Kepala Biro Pembinaan dan Pengembangan Perdagangan Berjangka Komoditi Bappebti, Tirta Karma Senjaya mengungkapkan, Bappebti mengusulkan nilai pajak dipotong setengah dari nilai pajak kripto yang berlaku saat ini, yaitu sekitar 0,05% hingga 0,055%.
“Sesuai aspirasi para pedagang usulnya dievaluasi, dikurangi setengah dari yang existing dulu supaya kembali berdaya saing dan meningkatkan kembali transaksi kripto di dalam negeri,” ujarnya kepada Katadata.co.id, Rabu (20/3).
Atas hal itu, Tirta mengaku sudah sering bertemu dengan Asosiasi Pedagang Aset Kripto.

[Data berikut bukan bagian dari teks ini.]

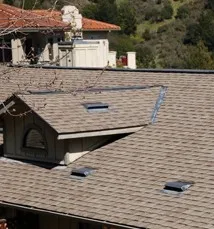 dormer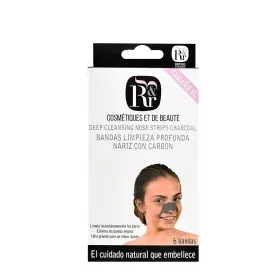 Mascarilla Facial Ren Clarimatte Invisible Pores Detox 50 ml | Epamu | Beauty Shop - Parfums, Make-up & Essentials Epamu.eu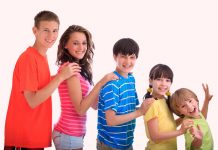 बच्चों के जन्म का क्रम उनके व्यवहार और व्यक्तित्व को किस प्रकार प्रभावित करता है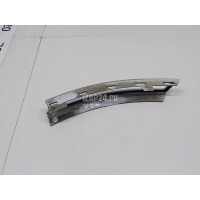 Рамка указателя поворота правая VAG Passat [B6] (2005 - 2010) 3C0807718A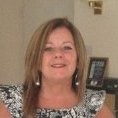 Transport Advisory Consultants Ltd Employee Sharon Daly's profile photo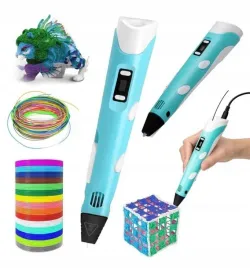 dlugopis-3d-dla-dzieci-drukarka-3d-wklady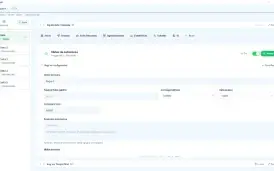 Dispara Zapp V7.21 Atualizado - Robô Chatbot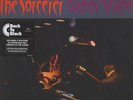 LP The Sorcerer - Szabo, Gabor (#600753630440)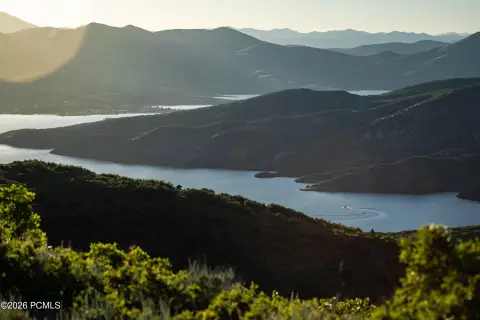 Heber City Land Opportunity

Namun ketika ditanya kapan tarif pajak yang baru itu bisa berlaku, ia mengatakan hal itu masih perlu dibahas lebih lanjut dengan Direktorat Jenderal Pajak (DJP) Kementerian Keuangan (Kemenkeu).
Bappebti saat ini pun masih menunggu tanggapan dari DJP soal usulan tarif pajak kripto. “Tidak ada tanggapan, baru yang disampaikan DJP ke media saja,” katanya.
Sementara DJP hingga Februari 2024 mencatat penerimaan pajak kripto telah terkumpul sebesar Rp 539,72 miliar. Penerimaan tersebut berasal dari Rp 246,45 miliar penerimaan tahun 2022, Rp 220,83 miliar penerimaan tahun 2023, dan Rp 72,44 miliar penerimaan 2024.
“Penerimaan pajak kripto tersebut terdiri dari Rp 254,53 miliar penerimaan PPh 22 atas transaksi penjualan kripto di exchanger dan Rp 285,19 miliar penerimaan PPN DN atas transaksi pembelian kripto di exchanger,” ujar Direktur Penyuluhan, Pelayanan, dan Hubungan Masyarakat DJP, Dwi Astuti dalam keterangan resminya.
Sementara para pedagang aset kripto menyambut baik kajian ulang besaran pajak kripto di Indonesia yang dapat memberikan keamanan dan kepastian hukum bagi investor dan masyarakat saat berinvestasi aset kripto.
"Dengan adanya rencana pengkajian ulang perpajakan kami berharap akan menjadi alasan kuat investor untuk bertahan dan bertransaksi di exchange lokal yang terdaftar resmi oleh Bappebti," kata Interim Country Manager Luno Indonesia Aditya Wirawan kepada Katadata.co.id, Rabu (20/3).
Melalui Asosiasi Pedagang Aset Kripto dan Blockchain Indonesia (Aspakrindo - ABI), Luno Indonesia aktif menjalin komunikasi dan berdiskusi dengan regulator terkait besaran tarif pajak yang ideal.
Apalagi di banyak negara, seperti Malaysia dan sejumlah negara di Eropa, tidak memungut PPN atas transaksi aset kripto. Dengan adanya kajian ulang mengenai besaran pajak kripto di Indonesia, akan membantu dan menjaga daya saing investasi exchange resmi terdaftar di Bappebti dan mencegah investor Tanah Air beralih ke exchange yang tidak resmi terdaftar di Bappebti.
"Perlu dipahami bahwa industri aset kripto ini relatif baru, namun terus berkembang pesat. Kami melihat, tren investasi aset kripto di Indonesia sangat positif dan disambut baik oleh masyarakat di Indonesia," ujar Aditya.
Meskipun demikian, tidak dipungkiri bahwa aset kripto merupakan sebuah aset yang mendunia, yang bisa diakses secara global. Maka dari itu perlu penting peran regulator dalam mendukung industri aset kripto dalam negeri sehingga tercipta industri nasional yang memiliki daya saing kuat.
"Kami optimis aset kripto akan bisa terus berkembang menjadi investasi masa depan di seluruh dunia, termasuk di Indonesia. Oleh karena itu, semua pemain industri dan regulator di Indonesia, termasuk Luno, terus berupaya menciptakan industri dan ekosistem kripto yang sehat dan teregulasi di Indonesia," katanya.